[Start of section]

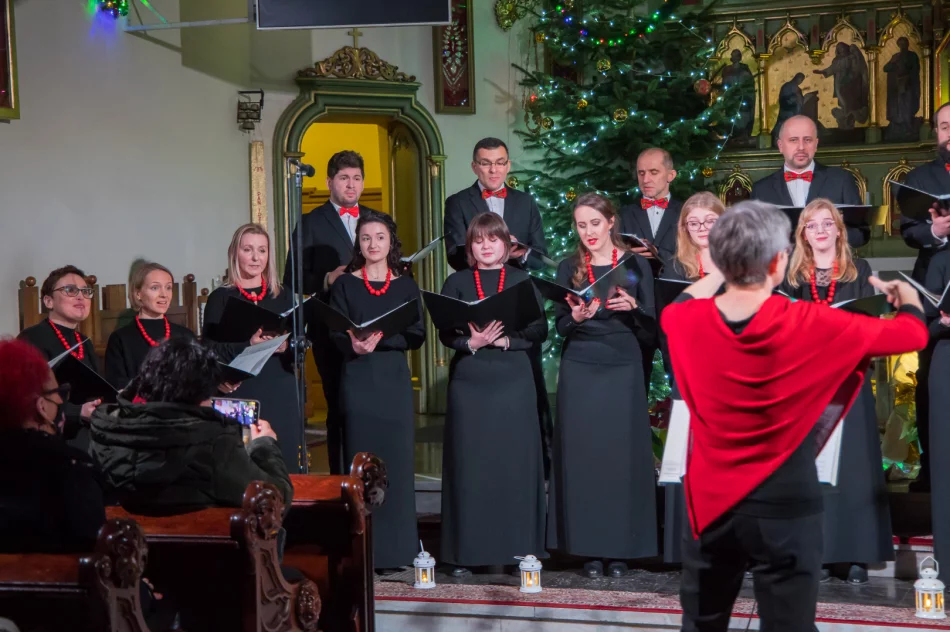 Dwa chóry kolędowały w świątyni - zdjęcie 6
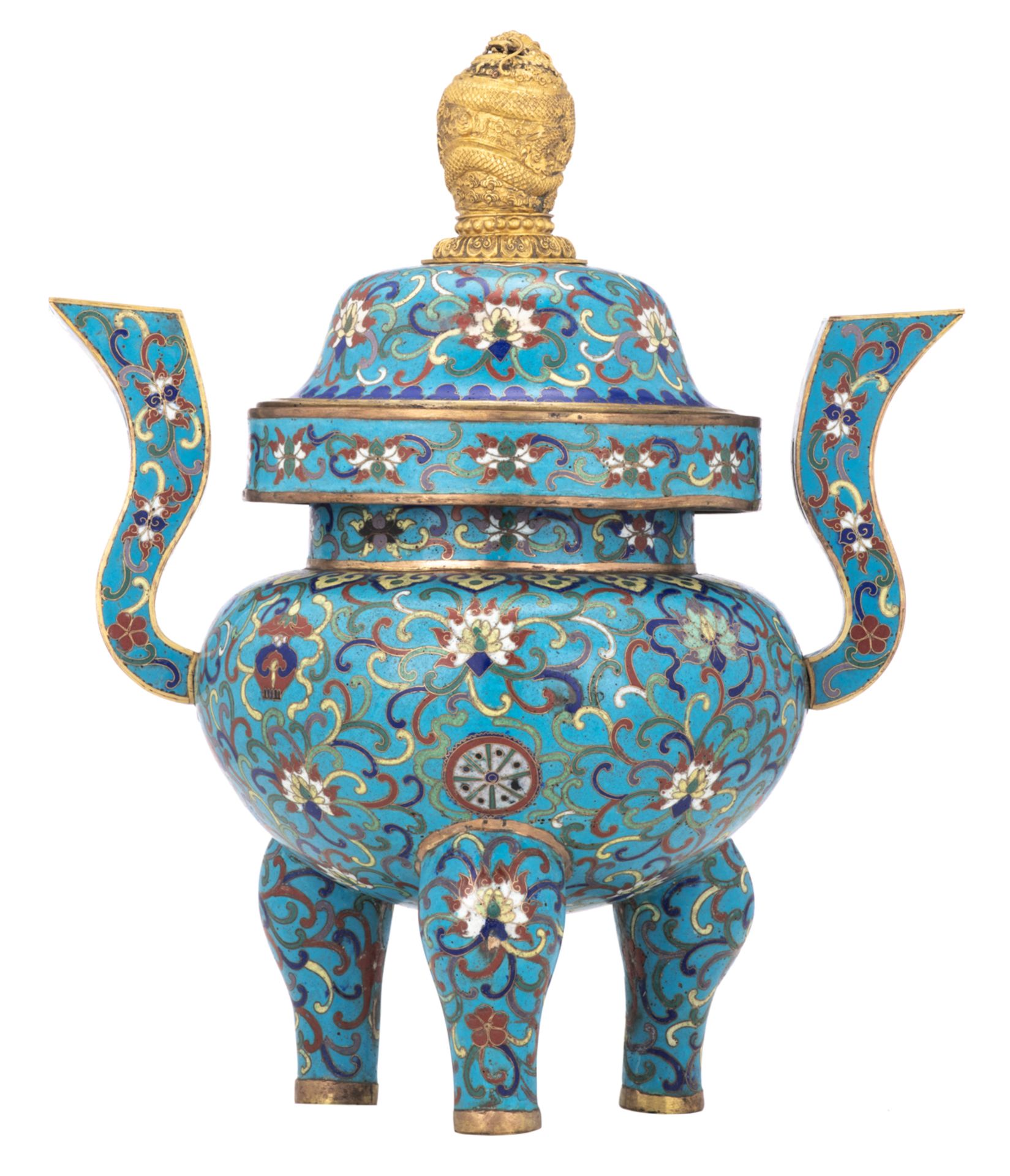 A Chinese tripod cloisonné incense burner with a gilt metal dragon relief knob, Qing dynasty, H 45 c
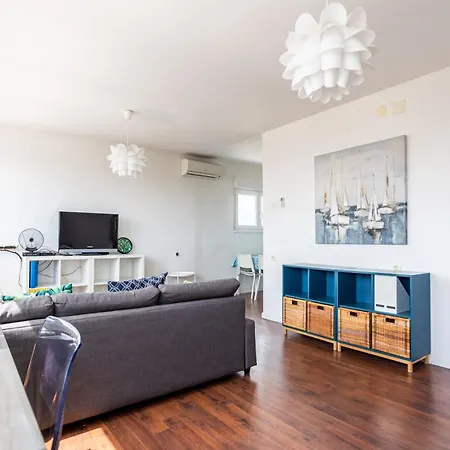 Comfortable With Great And Sea View Apartment *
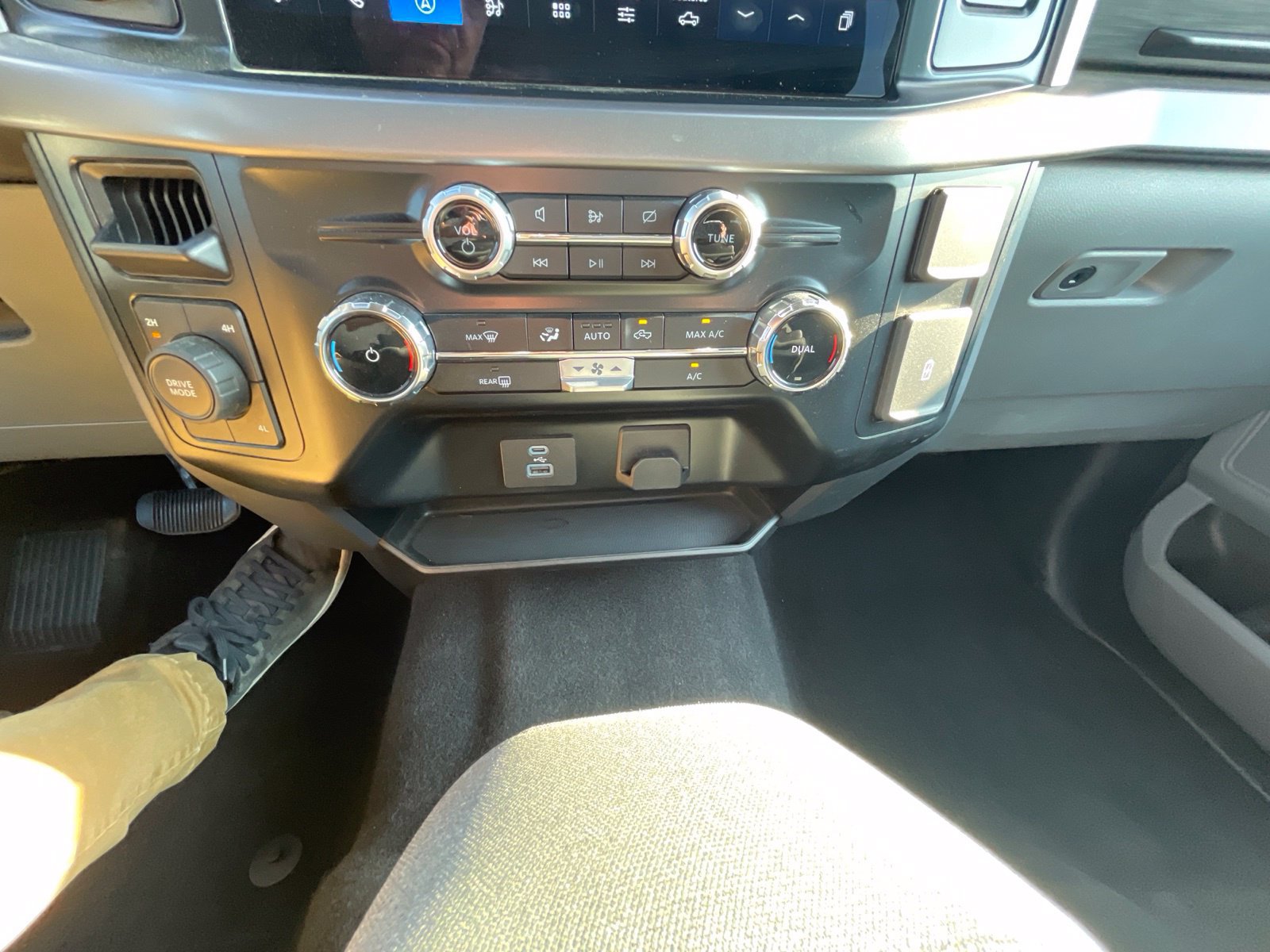 Used 2024 Ford F150 XLT AWD/4WD image 13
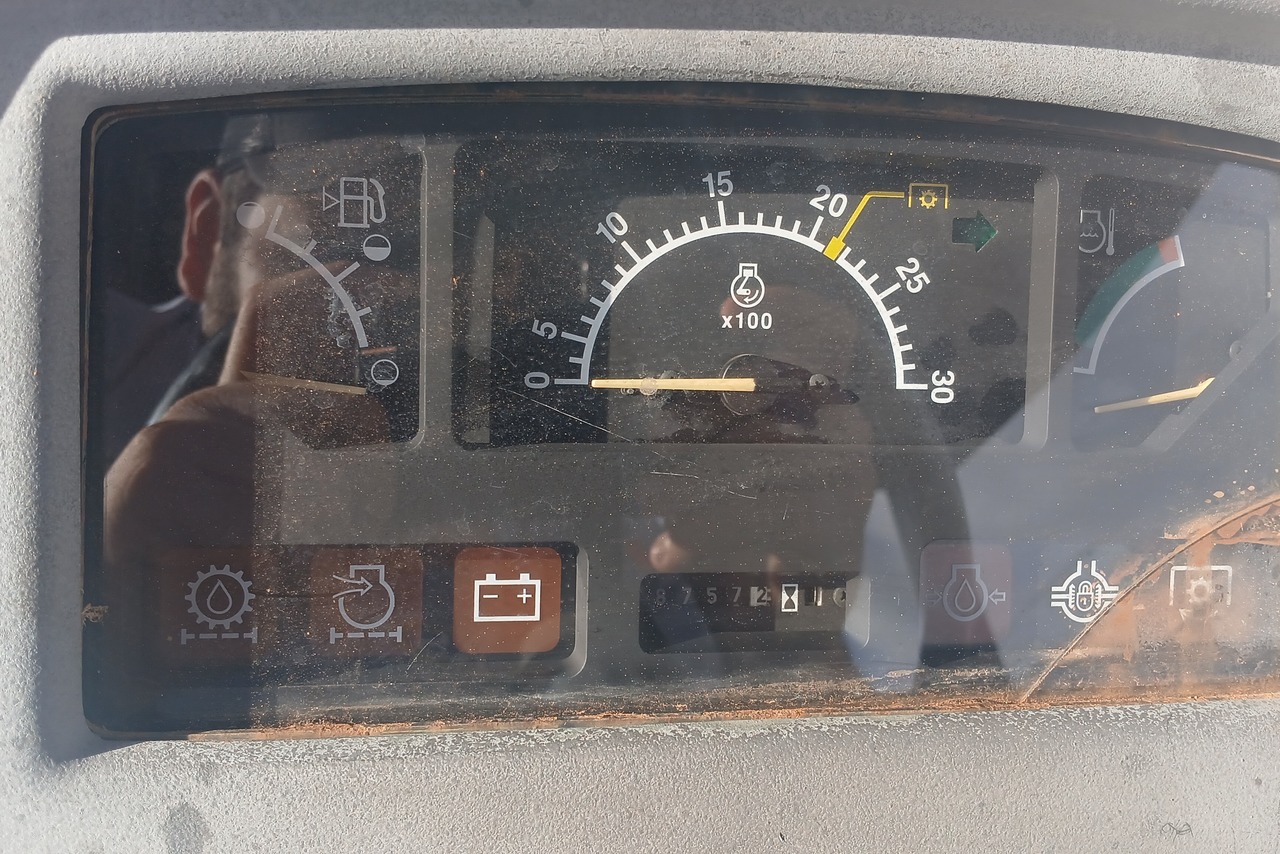 John Deere 6300 - 04/04 5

[End of section]

Transcribe each entry above exactly, apart from the pictures.

 Dwa chóry kolędowały w świątyni - zdjęcie 6
 A Chinese tripod cloisonné incense burner with a gilt metal dragon relief knob, Qing dynasty, H 45 c
 Comfortable With Great And Sea View Apartment *
 Used 2024 Ford F150 XLT AWD/4WD image 13
 John Deere 6300 - 04/04 5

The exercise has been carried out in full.